> [EXERCISE OBJECTIVE] Whatever the records say, give every one of them again exactly.

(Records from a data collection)
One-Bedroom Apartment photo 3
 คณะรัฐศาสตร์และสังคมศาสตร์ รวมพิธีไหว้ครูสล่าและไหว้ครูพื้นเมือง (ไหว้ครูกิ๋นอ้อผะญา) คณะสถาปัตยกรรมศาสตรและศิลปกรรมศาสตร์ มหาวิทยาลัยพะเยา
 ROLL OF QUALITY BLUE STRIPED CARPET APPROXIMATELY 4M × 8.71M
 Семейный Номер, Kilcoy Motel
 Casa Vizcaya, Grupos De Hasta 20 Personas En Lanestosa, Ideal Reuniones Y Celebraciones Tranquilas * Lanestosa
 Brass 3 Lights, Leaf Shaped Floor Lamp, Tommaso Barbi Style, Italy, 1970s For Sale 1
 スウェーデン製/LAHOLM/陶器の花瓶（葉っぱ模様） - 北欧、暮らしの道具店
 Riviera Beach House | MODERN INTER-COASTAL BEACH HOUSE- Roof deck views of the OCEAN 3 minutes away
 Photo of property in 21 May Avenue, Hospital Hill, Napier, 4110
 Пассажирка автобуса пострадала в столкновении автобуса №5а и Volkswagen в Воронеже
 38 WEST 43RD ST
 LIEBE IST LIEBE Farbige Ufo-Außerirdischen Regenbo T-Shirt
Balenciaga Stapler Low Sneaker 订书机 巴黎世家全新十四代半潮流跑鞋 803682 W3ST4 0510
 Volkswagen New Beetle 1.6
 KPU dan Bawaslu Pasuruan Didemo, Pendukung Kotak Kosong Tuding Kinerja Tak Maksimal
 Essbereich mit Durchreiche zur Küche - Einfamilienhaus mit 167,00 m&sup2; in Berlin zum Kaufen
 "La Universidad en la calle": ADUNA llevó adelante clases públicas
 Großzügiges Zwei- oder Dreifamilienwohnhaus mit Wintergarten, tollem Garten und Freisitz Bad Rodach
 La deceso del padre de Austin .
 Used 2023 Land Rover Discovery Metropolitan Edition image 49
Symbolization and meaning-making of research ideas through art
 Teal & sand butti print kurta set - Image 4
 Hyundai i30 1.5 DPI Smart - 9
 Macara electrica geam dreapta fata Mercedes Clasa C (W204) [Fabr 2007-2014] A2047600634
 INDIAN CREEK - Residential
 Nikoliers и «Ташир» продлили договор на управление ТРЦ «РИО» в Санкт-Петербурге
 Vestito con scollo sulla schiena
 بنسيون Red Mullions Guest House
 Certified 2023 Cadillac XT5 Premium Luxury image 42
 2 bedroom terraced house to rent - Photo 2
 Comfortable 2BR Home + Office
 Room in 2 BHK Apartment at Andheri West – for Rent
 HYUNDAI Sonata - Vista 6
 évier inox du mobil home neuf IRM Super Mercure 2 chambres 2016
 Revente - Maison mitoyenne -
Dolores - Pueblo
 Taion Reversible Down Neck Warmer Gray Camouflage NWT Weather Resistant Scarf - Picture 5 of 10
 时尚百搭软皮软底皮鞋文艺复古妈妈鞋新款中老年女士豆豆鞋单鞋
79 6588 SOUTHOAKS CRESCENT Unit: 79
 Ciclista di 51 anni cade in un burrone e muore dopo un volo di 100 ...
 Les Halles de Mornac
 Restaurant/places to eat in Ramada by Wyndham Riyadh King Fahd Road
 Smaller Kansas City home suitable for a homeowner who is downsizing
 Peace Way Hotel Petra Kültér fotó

> [SOLUTION FOR THIS TASK]
One-Bedroom Apartment photo 3
 คณะรัฐศาสตร์และสังคมศาสตร์ รวมพิธีไหว้ครูสล่าและไหว้ครูพื้นเมือง (ไหว้ครูกิ๋นอ้อผะญา) คณะสถาปัตยกรรมศาสตรและศิลปกรรมศาสตร์ มหาวิทยาลัยพะเยา
 ROLL OF QUALITY BLUE STRIPED CARPET APPROXIMATELY 4M × 8.71M
 Семейный Номер, Kilcoy Motel
 Casa Vizcaya, Grupos De Hasta 20 Personas En Lanestosa, Ideal Reuniones Y Celebraciones Tranquilas * Lanestosa
 Brass 3 Lights, Leaf Shaped Floor Lamp, Tommaso Barbi Style, Italy, 1970s For Sale 1
 スウェーデン製/LAHOLM/陶器の花瓶（葉っぱ模様） - 北欧、暮らしの道具店
 Riviera Beach House | MODERN INTER-COASTAL BEACH HOUSE- Roof deck views of the OCEAN 3 minutes away
 Photo of property in 21 May Avenue, Hospital Hill, Napier, 4110
 Пассажирка автобуса пострадала в столкновении автобуса №5а и Volkswagen в Воронеже
 38 WEST 43RD ST
 LIEBE IST LIEBE Farbige Ufo-Außerirdischen Regenbo T-Shirt
Balenciaga Stapler Low Sneaker 订书机 巴黎世家全新十四代半潮流跑鞋 803682 W3ST4 0510
 Volkswagen New Beetle 1.6
 KPU dan Bawaslu Pasuruan Didemo, Pendukung Kotak Kosong Tuding Kinerja Tak Maksimal
 Essbereich mit Durchreiche zur Küche - Einfamilienhaus mit 167,00 m&sup2; in Berlin zum Kaufen
 "La Universidad en la calle": ADUNA llevó adelante clases públicas
 Großzügiges Zwei- oder Dreifamilienwohnhaus mit Wintergarten, tollem Garten und Freisitz Bad Rodach
 La deceso del padre de Austin .
 Used 2023 Land Rover Discovery Metropolitan Edition image 49
Symbolization and meaning-making of research ideas through art
 Teal & sand butti print kurta set - Image 4
 Hyundai i30 1.5 DPI Smart - 9
 Macara electrica geam dreapta fata Mercedes Clasa C (W204) [Fabr 2007-2014] A2047600634
 INDIAN CREEK - Residential
 Nikoliers и «Ташир» продлили договор на управление ТРЦ «РИО» в Санкт-Петербурге
 Vestito con scollo sulla schiena
 بنسيون Red Mullions Guest House
 Certified 2023 Cadillac XT5 Premium Luxury image 42
 2 bedroom terraced house to rent - Photo 2
 Comfortable 2BR Home + Office
 Room in 2 BHK Apartment at Andheri West – for Rent
 HYUNDAI Sonata - Vista 6
 évier inox du mobil home neuf IRM Super Mercure 2 chambres 2016
 Revente - Maison mitoyenne -
Dolores - Pueblo
 Taion Reversible Down Neck Warmer Gray Camouflage NWT Weather Resistant Scarf - Picture 5 of 10
 时尚百搭软皮软底皮鞋文艺复古妈妈鞋新款中老年女士豆豆鞋单鞋
79 6588 SOUTHOAKS CRESCENT Unit: 79
 Ciclista di 51 anni cade in un burrone e muore dopo un volo di 100 ...
 Les Halles de Mornac
 Restaurant/places to eat in Ramada by Wyndham Riyadh King Fahd Road
 Smaller Kansas City home suitable for a homeowner who is downsizing
 Peace Way Hotel Petra Kültér fotó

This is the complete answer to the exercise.